Les détracteurs de cette approche
pointent d’abord le fait que cette liste d'objets addictifs est potentiellement infinie, et que
voir de l’addiction partout risque de faire considérer comme pathologiques des
comportements quotidiens qui ne sont pas forcément problématiques au sens
médical du terme. Il est vrai que, dans les conversations quotidiennes comme
dans la presse, on parle régulièrement du fait d’être « accro aux jeux
vidéo », « accro au sucre », « accro à ses mails » :
néanmoins, tous ces cas ne renvoient pas forcément à un problème d’addiction au
sens médical du terme, et relèvent le plus souvent de la métaphore.

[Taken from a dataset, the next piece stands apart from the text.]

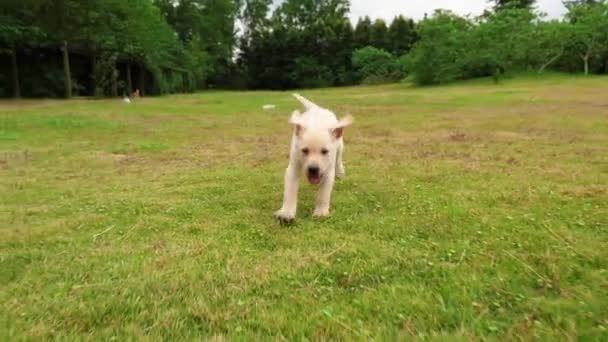 Один восхитительный щенок бежит к камере под открытым небом, 4K — стоковое видео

A l’inverse, on oublie parfois
que des comportements compulsifs évoquant ceux de l’addiction existent chez
certains sujets là où on les attend le moins : les personnes qui souffrent
de potomanie, par exemple (un trouble
lié notamment à des pathologies psychiatriques), peuvent mourir de la quantité d’eau
qu’elles absorbent – car, en cas de crise, elles ne s’arrêtent tout simplement
pas de boire. Évidemment, le cas est extrême, et nul n’irait pour autant ranger
l’eau au rang des substances générant « en soi » des comportements
addictifs.
Le débat est donc avant tout
scientifique, mais il a des conséquences économiques évidentes : les
compagnies d’assurance par exemple ne voient jamais la
« médicalisation » de nouveaux comportements d’un très bon œil -
parce que reconnaître officiellement plus de pathologies, c’est aussi potentiellement ouvrir de
nouveaux droits financiers à ceux qui en souffrent.

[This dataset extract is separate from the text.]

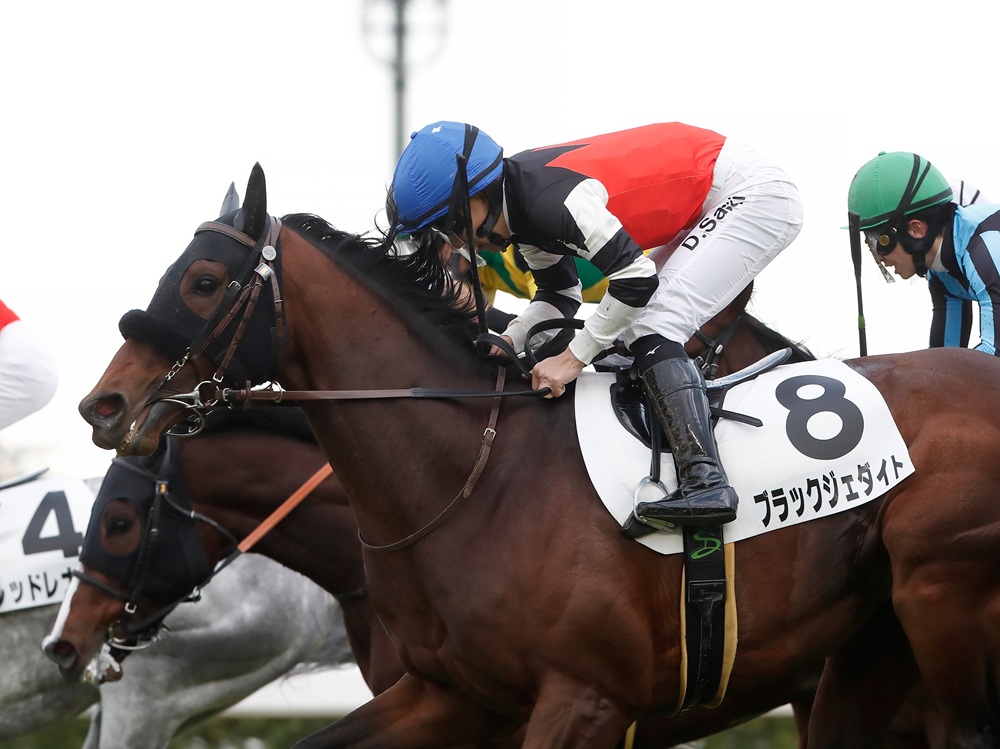 ブラックジェダイト260307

Quelles sont dès lors les conséquences de ces
débats autour de l’addiction pour le monde du travail ? L’employeur est,
en France, astreint à une obligation de sécurité de résultat. L’article
L4121-1 du Code du travail pose ainsi : « L'employeur prend les mesures nécessaires pour assurer la
sécurité et protéger la santé physique et mentale des travailleurs. Ces mesures
comprennent des actions de prévention des risques professionnels, des actions
d'information et de formation, la mise en place d'une organisation et de moyens
adaptés. L'employeur veille à l'adaptation de ces mesures pour tenir compte du
changement des circonstances et tendre à l'amélioration des situations
existantes ».
La difficulté réside donc essentiellement
du côté de la prévention des risques : si les objets de l’addiction sont
multiples et de nature si différente, n’y a-t-il pas pour l’employeur un défi
impossible à relever, qui consisterait à lister tout ce qui constitue un risque
potentiel pour mieux le prévenir ? Dans le champ des RPS, la prévention
des addictions pourtant déjà bien identifiées, comme l’alcoolisme, n’est pas sans difficultés :
la description du lien de causalité entre environnement de travail et addiction
n’est pas toujours aisée par exemple, et les modalités pratiques de la
prévention ne sont pas plus évidentes. Si on la voit de façon positive, la
complexification de la reconnaissance médicale des phénomènes d’addiction
pourrait être stimulante pour la réflexion sur ces sujets : il est en tout
cas souhaitable qu’elle ne soit pas entendue comme l’annulation de la capacité
à agir du côté des organisations de travail.